◆ **About this exercise**: Your answer must be the full listing below, repeated exactly, with no pictures in it.

◆ **Supplied information**:
>>>>

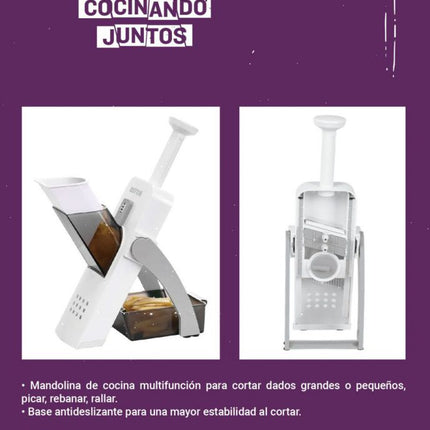 Quttin Mandolina de Cocina 4 en 1 Multifunción con Empujador y Contenedor, Cortador de Verduras con Cuchillas de Acero Inoxidable, 14,5 x 14,5 x 33 cm
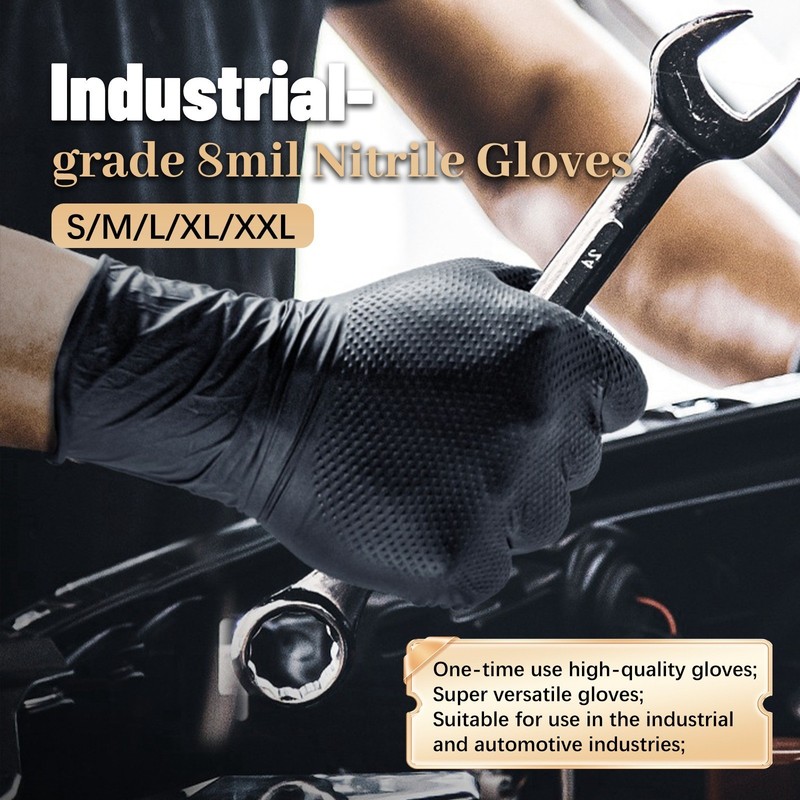 GP Craft Black Nitrile Gloves 8Mil Diamond Grip Disposable Latex-Free 1000/Case gallery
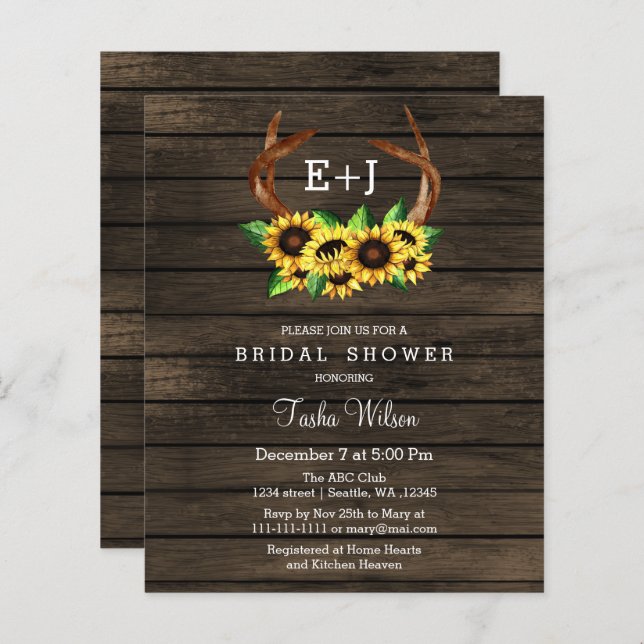 Budget Sunflowers Antlers Bridal Shower Invitation (Front/Back)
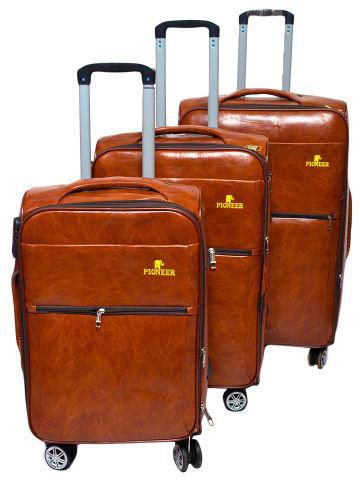Pioneer 3-in-1 Brown Leather Suitcase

<<<<

◆ **Task output**:
 Quttin Mandolina de Cocina 4 en 1 Multifunción con Empujador y Contenedor, Cortador de Verduras con Cuchillas de Acero Inoxidable, 14,5 x 14,5 x 33 cm
 GP Craft Black Nitrile Gloves 8Mil Diamond Grip Disposable Latex-Free 1000/Case gallery
 Budget Sunflowers Antlers Bridal Shower Invitation (Front/Back)
Pioneer 3-in-1 Brown Leather Suitcase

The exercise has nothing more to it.